Your pool of potential grant-givers is not uniform. Each foundation is unique, as are the individuals who make up those foundations . Before you approach any audience with an appeal letter, you should know what makes your reader distinct from others.foster donor relationships need Potencial grant segmentation.
If you’ve done your homework, you already know the financials and giving history of the foundations to which you’re writing. Numbers aren’t enough, though. According to Pamela Grow, you need a solid segmentation strategy in order to build a personal connection.
What is segmentation?
In literal terms, segmentation is exactly what it sounds like: segmenting, or categorizing, your donors according to what you know about them. Though the terminology is borrowed from marketers, your approach can be organic. Analyzing data is simply a means of reaching different audiences with one common goal: To support the mission of your nonprofit.
Applying segmentation to your fundraising strategy is not a guarantee that you’ll immediately receive a grant. Instead, the practice helps solidify long term donor relationships with givers. Don’t think of segmentation as a strategy but as a means of getting to know those who might be your biggest supporters.
What’s the best approach?
Though you want to be sincere in stewarding your alliances, it’s perfectly fine to enlist the help of donation management software. Analytics and CRM tools will help you interpret, manage and categorize notes, so you don’t have to rely on memory or manually generate spreadsheets.

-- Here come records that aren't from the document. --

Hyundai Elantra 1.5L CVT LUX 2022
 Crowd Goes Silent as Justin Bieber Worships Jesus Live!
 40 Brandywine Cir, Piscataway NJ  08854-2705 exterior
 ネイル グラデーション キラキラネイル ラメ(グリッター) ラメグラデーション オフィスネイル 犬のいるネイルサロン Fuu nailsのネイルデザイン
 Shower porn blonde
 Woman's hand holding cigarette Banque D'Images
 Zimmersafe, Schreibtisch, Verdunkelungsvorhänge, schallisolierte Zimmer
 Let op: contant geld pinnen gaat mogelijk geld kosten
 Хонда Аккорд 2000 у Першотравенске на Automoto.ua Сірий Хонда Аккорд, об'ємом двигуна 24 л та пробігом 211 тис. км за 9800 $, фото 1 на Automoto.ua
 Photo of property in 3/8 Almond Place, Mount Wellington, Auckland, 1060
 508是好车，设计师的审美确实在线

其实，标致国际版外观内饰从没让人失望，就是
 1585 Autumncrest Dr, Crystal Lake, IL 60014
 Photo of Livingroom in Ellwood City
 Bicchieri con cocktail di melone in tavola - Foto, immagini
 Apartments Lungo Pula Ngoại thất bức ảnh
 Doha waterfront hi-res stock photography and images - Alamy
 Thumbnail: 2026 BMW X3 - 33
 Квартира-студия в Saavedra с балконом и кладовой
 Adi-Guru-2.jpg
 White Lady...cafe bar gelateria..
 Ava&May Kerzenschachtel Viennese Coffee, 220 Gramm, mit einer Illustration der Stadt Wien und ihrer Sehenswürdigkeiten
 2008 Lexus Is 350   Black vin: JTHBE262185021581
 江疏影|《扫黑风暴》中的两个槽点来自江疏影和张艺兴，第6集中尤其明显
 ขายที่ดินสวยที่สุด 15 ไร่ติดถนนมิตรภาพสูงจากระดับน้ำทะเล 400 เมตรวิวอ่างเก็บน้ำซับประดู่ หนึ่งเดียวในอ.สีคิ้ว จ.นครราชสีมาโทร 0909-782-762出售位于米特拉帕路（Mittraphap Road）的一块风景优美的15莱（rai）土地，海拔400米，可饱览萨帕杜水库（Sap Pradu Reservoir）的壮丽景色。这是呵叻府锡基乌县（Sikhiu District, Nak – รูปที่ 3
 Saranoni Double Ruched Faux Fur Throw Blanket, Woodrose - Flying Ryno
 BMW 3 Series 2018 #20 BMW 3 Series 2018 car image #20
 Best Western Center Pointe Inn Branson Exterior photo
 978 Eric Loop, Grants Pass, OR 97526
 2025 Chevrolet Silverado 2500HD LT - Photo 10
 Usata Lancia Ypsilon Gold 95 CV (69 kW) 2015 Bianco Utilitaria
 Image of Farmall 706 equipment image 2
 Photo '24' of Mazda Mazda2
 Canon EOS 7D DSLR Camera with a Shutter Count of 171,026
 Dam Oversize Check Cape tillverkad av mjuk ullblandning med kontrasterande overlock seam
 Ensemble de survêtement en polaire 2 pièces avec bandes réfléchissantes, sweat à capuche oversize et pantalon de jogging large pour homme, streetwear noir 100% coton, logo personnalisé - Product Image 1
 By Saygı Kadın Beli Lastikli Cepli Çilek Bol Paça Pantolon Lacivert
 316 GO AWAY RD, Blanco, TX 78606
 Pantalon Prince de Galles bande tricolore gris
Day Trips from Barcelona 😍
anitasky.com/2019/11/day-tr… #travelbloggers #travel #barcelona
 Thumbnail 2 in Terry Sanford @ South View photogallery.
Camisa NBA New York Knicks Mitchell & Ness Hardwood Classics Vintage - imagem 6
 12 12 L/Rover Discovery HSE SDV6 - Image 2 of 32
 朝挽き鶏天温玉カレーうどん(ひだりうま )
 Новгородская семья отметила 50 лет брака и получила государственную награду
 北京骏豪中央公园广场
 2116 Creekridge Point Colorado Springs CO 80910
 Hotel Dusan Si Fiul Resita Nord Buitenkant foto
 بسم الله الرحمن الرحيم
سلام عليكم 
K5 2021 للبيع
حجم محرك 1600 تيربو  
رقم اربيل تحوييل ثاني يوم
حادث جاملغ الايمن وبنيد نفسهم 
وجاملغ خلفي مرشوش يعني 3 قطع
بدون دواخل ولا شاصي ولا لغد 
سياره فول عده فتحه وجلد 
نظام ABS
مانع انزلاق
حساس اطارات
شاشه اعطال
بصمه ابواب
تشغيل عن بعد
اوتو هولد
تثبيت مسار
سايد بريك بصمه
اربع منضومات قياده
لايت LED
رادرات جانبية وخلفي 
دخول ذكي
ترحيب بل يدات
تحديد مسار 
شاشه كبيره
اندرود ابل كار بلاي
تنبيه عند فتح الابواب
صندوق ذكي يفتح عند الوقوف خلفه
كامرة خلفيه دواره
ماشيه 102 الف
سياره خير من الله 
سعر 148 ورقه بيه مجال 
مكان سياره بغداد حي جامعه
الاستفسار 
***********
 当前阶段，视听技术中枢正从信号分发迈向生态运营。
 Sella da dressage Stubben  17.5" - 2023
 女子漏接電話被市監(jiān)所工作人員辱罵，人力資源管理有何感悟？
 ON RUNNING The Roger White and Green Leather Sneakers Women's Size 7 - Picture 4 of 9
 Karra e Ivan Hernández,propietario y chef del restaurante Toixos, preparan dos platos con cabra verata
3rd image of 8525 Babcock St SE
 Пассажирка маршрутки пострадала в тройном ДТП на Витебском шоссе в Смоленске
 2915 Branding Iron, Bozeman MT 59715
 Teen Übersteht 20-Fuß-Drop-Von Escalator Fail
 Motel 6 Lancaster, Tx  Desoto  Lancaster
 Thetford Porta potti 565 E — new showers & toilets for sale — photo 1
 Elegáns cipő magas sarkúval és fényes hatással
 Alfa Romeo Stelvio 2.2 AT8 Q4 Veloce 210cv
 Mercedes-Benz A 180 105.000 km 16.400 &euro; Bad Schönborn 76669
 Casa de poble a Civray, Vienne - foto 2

Even with the help of software, you’re not off the hook. Gathering information is still entirely up to you, and now the question is: What do you need to know about your current and prospective benefactors?
Though segmentation is a methodical process, be careful not to be detached. Emotions matter! Your donors are giving to you because they care about a cause, and you need to show them you’re equally invested.
Angie Moore recommended the practice of mindset segmentation, a much more specific and donor-centric way of segmenting. Take a look at the emotional mindset of givers. What do they most passionately believe? What are they afraid of? What do they expect from you? Seek feedback from past and existing donors. Why not recognize their efforts by involving them in the fundraising process? Remember that people comprise foundations, so these questions apply to organizations and individuals alike.
Of course, you don’t want to abandon traditional segmentation methods. Knowing a foundation’s wealth and giving history also play a role in cultivating a more individualized relationship. For example, numbers can help you avoid alienating a potential new donors by asking for too much.
Adding to emotional mindset and giving power, it’s also good to know how an individual or foundation prefers to receive correspondence. Take note of whether emails or direct mail garner the strongest responses from each recipient.
If you undertake the core purpose of reaching donors through shared goals, you can adopt a segmentation method that allows you to keep the heart of your nonprofit beating.